Wenn ich mit sechs Kindern unterwegs bin, werfen mir die Leute neugierige Blicke zu – doch sie haben keine Ahnung, was wirklich dahintersteckt.

Inzwischen bin ich die neugierigen Blicke gewohnt – das zweimalige Nachsehen, das leise Flüstern.

Manche lächeln freundlich, andere wirken schockiert, als wäre ich ihre schlimmste Vorstellung von Elternschaft, die Wirklichkeit geworden ist.

Doch niemand stellt Fragen. Man nimmt einfach an, ich sei ein überforderter Vater, der eine ganze Kinderschar mit sich herumzieht.

Die Realität? Nur zwei Kinder gehören wirklich zu mir.

Die übrigen kamen nach und nach hinzu. Alles begann mit einem kleinen Gefallen – jemand brauchte fürs Wochenende eine Betreuung.

Dann wiederholte es sich. Und noch einmal. Schließlich wurde ich der Mann, den alle anriefen: „Frag Joel, der kann gut mit Kindern umgehen.“

Doch es ging nicht nur darum, dass ich gut mit Kindern war. Es war auch die Einsamkeit.

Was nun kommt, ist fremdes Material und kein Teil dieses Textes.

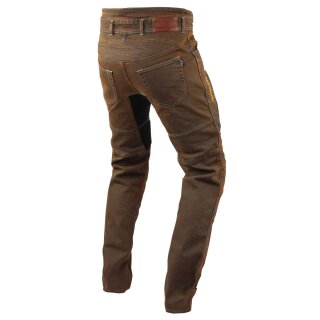 Trilobite Parado jeans moto uomo marrone regolare 40/32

Nach der Trennung von meiner Frau fühlte sich das Haus leer an.

Ich hatte zwar meine zwei Kinder, aber die Stille nachts war bedrückend. Also sagte ich immer zu, wenn jemand kurzfristig Hilfe brauchte.

Der Lärm, das Durcheinander, die lebendige Energie – sie vertrieben die Stille und ließen mich weniger allein fühlen.

Was als gelegentliche Wochenendbetreuung begann, wurde bald zu einem ständigen Kommen und Gehen von Kindern.

Mein kleines Zuhause wurde fast wie eine Kinderkrippe. Ich redete mir ein, dass das nur eine Übergangsphase sei.

Doch das war es nicht.

Mittlerweile ist es für mich normal, mit sechs Kindern um mich herum unterwegs zu sein.

Ich nehme die Blicke, Vermutungen und Urteile gelassen hin.

Die Leute sehen nicht das ganze Bild – sie kennen die Geschichten hinter den Kindern nicht oder warum ihre Eltern mir vertrauen.

Aber das ist nicht immer einfach.

Eines Nachmittags im Park sah mich eine Mutter mit diesem Blick an – als gehöre ich nicht hierher.

In diesem Moment wurde mir klar: Ich wurde nicht nur als Helfer gesehen, sondern beurteilt, vielleicht sogar bemitleidet.

Als jemand, der seine eigene Familie nicht zusammenhalten kann.

Doch ich mache weiter. Denn diese Kinder haben mir auf ihre eigene Art genauso geholfen, wie ich ihnen geholfen habe.

Ich begann, meine Beweggründe zu hinterfragen.

Vielleicht half ich nicht nur aus Freundlichkeit, sondern auch, um meiner eigenen Traurigkeit zu entkommen. Diese Erkenntnis traf mich tief.

Als dann eine weitere Mutter um Hilfe bat, zögerte ich. „Ich glaube, ich muss eine Pause einlegen“, sagte ich ihr.

Es fühlte sich egoistisch an, war aber notwendig. Ich musste mein eigenes Leben zurückgewinnen.

Die nächsten Wochen waren schwer, aber heilend. Ich verbrachte intensive Zeit mit meinen zwei Kindern – nur wir.

Wir fanden zueinander, lachten, spielten, und mein Herz begann zu heilen.

Kurz bevor ich wieder ins Gleichgewicht fand, rief Sarah – die Mutter, die zuerst um Hilfe gebeten hatte – in einer Krise an.

Ihr Mann hatte einen schweren Unfall. Sie brauchte jemanden, der ihre Kinder eine Woche lang betreut.

Ich zögerte, sagte aber zu – mit klaren Grenzen. Keine langfristigen Verpflichtungen.

Ich machte deutlich, dass ich auch meinen Freiraum brauchte.

Am Ende dieser Woche spürte ich eine Veränderung. Ich half nun aus eigenem Antrieb, nicht aus Schuld oder Einsamkeit.

Nach meinen eigenen Regeln.

Dann kam die unerwartete Wendung:

Monate später empfahl Sarah, die im Personalwesen tätig ist, mich für eine Stelle im Bereich Familienhilfe. Ich bekam die Arbeit.

Das war mehr als nur ein Job. Es war Stabilität, Sinn – und ein Zeichen, dass ich begann, mein Leben wieder zu ordnen.